Despite these caveats, we must applaud the companies for committing to racial justice, while taking care to hold them accountable for their promises.

The GWP says it wants to work with elected officials, academics and other community leaders to craft a blueprint so our region can become the nation’s “most diverse and inclusive economy” within 10 years.

“As a region, we don’t have a strategy for inclusive growth,” said GWP Chairman Peter L. Scher, a vice chairman of JPMorgan Chase & Co. “Let’s put a long-term plan in place. What do governments need to do, what do companies need to do. . . . There are parts of our economy that we’re just not reaching.”

The council also plans to develop a “dashboard” of economic indicators to measure how the region is doing on racial inclusion. It would track statistics such as small-business survival and homeownership.

It also wants to provide more support for minority-owned small businesses, such as by sharing back-office services like human resources and tax preparation.

We have a long way to go. According to the Brookings Metro Monitor, the Washington area ranks 51st among the 53 largest U.S. metro regions over the past decade in “racial inclusion,” which measures the gap in economic progress between White people and people of color.
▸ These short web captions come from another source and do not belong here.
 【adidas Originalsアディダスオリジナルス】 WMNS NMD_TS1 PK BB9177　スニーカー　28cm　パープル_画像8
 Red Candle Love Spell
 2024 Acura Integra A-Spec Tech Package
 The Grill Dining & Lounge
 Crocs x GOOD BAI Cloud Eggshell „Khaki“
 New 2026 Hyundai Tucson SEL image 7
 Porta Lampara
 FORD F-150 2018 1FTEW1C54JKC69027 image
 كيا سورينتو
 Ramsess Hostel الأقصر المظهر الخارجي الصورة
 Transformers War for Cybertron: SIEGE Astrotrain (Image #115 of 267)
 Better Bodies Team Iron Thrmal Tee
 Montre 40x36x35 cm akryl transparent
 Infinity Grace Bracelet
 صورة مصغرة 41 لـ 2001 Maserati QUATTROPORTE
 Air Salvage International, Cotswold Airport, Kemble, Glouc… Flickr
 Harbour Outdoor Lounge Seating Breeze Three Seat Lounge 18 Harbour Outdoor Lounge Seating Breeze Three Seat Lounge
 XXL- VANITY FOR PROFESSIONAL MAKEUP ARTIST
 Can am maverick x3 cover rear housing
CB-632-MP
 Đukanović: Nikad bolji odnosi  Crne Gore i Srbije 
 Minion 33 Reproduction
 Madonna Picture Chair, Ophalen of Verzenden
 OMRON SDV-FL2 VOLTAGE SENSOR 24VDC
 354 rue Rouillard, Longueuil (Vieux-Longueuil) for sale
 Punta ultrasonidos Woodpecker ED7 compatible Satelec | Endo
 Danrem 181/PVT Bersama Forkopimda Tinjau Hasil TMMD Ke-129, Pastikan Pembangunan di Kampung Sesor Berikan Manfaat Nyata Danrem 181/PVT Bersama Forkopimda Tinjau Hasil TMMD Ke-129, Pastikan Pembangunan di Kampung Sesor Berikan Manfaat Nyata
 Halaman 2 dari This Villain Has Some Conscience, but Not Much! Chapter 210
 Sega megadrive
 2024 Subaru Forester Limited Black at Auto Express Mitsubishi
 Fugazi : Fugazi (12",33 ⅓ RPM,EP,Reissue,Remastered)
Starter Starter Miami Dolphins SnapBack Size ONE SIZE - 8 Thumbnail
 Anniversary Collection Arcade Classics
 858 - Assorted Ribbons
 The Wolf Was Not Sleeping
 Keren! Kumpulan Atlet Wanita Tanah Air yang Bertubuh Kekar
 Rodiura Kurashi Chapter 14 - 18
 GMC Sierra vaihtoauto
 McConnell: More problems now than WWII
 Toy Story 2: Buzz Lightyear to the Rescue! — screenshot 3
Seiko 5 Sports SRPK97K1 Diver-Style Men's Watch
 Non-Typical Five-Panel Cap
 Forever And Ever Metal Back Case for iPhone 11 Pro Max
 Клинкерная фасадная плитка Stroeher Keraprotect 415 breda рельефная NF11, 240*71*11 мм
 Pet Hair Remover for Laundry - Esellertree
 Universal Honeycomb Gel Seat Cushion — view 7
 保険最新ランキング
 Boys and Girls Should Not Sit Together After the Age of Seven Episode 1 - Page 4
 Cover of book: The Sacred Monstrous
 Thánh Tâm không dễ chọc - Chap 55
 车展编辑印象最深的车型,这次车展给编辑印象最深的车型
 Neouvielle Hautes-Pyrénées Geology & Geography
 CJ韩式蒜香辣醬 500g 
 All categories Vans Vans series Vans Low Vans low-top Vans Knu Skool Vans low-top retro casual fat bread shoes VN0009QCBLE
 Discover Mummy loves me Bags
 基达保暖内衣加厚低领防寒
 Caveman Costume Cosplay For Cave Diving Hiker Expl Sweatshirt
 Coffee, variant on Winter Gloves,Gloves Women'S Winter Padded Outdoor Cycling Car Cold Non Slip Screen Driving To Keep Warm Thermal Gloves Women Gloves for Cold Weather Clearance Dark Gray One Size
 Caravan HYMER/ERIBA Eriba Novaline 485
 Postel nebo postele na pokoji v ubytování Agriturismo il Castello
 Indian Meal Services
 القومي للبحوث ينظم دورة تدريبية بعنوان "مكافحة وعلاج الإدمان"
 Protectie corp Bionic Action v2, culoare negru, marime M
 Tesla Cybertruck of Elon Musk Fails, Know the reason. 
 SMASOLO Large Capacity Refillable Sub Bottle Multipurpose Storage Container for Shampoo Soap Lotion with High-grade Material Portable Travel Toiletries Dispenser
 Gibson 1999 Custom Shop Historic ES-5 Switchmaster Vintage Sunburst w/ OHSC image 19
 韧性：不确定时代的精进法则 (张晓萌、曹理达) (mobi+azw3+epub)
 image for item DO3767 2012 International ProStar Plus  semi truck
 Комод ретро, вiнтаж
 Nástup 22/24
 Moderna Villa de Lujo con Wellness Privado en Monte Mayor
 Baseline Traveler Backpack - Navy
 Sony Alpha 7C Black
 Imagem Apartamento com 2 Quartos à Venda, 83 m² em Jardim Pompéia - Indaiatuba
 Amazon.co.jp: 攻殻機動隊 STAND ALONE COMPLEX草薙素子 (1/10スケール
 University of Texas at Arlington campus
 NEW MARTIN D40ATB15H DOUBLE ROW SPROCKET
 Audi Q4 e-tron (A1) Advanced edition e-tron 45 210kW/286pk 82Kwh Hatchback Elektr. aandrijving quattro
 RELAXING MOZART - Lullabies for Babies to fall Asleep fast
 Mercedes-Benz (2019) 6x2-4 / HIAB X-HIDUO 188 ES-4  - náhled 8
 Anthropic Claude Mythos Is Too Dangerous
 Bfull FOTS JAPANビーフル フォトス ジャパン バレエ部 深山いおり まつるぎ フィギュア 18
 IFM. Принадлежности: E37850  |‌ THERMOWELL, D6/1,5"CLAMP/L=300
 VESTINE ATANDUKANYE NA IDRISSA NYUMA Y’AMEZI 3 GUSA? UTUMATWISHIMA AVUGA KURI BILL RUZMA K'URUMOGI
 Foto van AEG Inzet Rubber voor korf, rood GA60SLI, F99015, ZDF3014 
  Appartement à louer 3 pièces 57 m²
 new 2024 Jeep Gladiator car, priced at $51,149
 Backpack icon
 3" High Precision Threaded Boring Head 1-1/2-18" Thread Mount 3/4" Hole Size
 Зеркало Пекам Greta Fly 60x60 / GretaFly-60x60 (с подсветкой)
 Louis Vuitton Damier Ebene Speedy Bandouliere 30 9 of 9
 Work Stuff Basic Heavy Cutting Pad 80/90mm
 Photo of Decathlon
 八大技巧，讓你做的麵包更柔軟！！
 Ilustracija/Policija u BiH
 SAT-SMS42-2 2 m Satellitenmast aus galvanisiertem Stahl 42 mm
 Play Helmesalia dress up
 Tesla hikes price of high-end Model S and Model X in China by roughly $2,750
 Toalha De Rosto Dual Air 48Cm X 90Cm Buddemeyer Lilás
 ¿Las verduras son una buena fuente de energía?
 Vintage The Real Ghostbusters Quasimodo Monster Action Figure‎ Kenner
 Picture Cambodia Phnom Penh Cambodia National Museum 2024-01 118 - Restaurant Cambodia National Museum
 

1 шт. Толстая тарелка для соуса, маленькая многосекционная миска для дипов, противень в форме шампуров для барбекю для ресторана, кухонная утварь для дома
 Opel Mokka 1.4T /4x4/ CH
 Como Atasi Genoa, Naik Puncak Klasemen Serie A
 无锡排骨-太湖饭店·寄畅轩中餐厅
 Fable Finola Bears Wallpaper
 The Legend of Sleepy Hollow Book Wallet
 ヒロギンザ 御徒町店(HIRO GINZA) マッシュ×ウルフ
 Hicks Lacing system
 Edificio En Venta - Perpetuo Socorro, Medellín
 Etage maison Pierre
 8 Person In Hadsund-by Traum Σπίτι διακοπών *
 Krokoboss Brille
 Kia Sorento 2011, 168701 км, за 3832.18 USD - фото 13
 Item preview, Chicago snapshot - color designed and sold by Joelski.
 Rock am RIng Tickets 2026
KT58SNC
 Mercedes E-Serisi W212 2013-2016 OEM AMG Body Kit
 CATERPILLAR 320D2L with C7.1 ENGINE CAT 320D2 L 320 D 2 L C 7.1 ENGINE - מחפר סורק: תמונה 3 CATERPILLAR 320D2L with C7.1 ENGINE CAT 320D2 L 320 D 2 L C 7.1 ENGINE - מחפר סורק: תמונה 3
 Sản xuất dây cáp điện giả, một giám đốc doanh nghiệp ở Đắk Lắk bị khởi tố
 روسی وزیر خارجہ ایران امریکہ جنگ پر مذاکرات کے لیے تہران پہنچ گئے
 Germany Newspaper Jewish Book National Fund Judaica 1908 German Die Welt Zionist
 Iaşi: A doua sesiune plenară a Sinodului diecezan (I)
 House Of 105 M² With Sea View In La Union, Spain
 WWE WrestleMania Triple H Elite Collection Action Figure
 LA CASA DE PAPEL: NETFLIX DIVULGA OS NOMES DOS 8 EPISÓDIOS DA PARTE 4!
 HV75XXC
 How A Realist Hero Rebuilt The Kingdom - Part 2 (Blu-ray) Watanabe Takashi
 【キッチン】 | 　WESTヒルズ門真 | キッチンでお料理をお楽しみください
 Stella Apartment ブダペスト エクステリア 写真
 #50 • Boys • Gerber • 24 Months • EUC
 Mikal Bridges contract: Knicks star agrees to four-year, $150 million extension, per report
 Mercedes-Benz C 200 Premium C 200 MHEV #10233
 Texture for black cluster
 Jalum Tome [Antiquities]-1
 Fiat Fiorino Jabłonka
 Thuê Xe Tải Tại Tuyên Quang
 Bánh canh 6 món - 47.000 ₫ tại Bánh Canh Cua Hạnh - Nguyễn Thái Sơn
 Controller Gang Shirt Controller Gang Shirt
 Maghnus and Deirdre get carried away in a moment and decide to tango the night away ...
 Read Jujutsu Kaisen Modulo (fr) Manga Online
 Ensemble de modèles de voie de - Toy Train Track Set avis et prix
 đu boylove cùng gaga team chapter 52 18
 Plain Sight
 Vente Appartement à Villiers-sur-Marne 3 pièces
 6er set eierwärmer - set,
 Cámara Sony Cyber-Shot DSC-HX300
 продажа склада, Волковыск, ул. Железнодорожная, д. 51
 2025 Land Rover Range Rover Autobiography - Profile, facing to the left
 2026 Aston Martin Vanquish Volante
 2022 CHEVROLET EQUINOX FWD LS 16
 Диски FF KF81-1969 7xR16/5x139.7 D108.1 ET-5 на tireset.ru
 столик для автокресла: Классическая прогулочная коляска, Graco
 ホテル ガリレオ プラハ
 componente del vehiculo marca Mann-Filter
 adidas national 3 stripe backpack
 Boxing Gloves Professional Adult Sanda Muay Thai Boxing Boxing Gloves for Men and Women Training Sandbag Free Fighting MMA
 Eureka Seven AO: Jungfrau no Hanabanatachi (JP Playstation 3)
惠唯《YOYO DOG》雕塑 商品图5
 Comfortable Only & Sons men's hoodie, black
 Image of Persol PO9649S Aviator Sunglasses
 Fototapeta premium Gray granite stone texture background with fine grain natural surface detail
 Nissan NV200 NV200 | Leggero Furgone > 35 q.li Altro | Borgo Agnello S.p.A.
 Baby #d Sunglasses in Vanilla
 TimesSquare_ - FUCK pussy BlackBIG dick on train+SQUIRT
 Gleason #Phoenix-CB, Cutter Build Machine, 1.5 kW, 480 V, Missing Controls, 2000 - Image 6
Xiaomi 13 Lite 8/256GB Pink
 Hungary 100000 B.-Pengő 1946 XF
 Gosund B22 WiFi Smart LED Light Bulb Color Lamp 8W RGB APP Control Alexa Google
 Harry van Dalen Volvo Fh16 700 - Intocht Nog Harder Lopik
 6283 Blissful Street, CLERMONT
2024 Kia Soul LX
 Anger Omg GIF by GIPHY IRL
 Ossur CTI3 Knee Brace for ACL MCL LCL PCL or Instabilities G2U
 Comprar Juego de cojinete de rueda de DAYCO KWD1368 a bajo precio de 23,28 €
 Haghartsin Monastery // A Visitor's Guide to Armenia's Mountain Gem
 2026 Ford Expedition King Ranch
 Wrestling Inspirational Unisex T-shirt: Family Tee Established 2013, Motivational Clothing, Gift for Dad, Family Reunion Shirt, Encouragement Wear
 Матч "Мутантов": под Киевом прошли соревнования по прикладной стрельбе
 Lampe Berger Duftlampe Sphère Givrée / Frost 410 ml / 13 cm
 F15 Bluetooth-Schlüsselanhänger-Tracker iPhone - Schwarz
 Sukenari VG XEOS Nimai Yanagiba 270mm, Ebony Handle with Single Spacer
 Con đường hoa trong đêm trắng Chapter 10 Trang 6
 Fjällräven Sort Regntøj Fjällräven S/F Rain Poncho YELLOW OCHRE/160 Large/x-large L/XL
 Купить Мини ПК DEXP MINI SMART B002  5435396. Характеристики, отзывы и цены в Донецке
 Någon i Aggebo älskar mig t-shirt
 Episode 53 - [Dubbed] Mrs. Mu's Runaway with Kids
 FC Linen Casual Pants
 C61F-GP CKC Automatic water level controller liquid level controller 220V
The region fares better by some other statistics, such as Black people’s representation in management and business ownership. But Amy Liu, a Brookings vice president and director of its Metropolitan Policy Program, said Black people still are significantly underrepresented in those fields.

Our area “ranks at the bottom as an economy that works for everyone, and at the bottom as working for people of color, at a time when the region is already majority non-White,” Liu said.

“Having talent come from Black and Latino communities is at the heart of the region’s future,” she said. “There’s a huge opportunity for this region to have a different growth model, in which you can be a high-tech, high-innovation economy that lifts up the talents and assets of Black and Latino communities.”

The GWP says eliminating the gap between White and Black people in the poverty rate in our region would raise 237,000 Black people out of poverty. Doing the same for homeownership would mean 260,000 more Black households get the opportunity to own a home. Closing the racial wealth gap would add $35 billion to $50 billion to the region’s economy by 2028.

Mellody Hobson, president of Ariel Investments and chair of Starbucks’s board of directors, has said that the nation is entering the third phase of its effort to achieve full civil rights for Black people and that the challenge “has landed at the feet of corporate America.”

The first two achievements were emancipation in the Civil War and the civil rights laws of the 1960s. She said the challenge now is to eliminate structural racism in the economy.

The nation’s African Americans apparently agree. A survey of 30,000 Black Americans by the Black Futures Lab found their top priority — ahead of ending police abuse — was raising Black workers’ wages enough to support their families.

If anything drives real change, it would be companies’ recognition that racial progress is vital to their bottom line.

“There are a lot of people around the DMV who believe in this from a moral standpoint,” said Jason Wright, president of the Washington Football Team and co-chair with Johnson of the GWP council. “Even if you don’t give a damn about the moral and ethical side, this is almost an economic imperative.”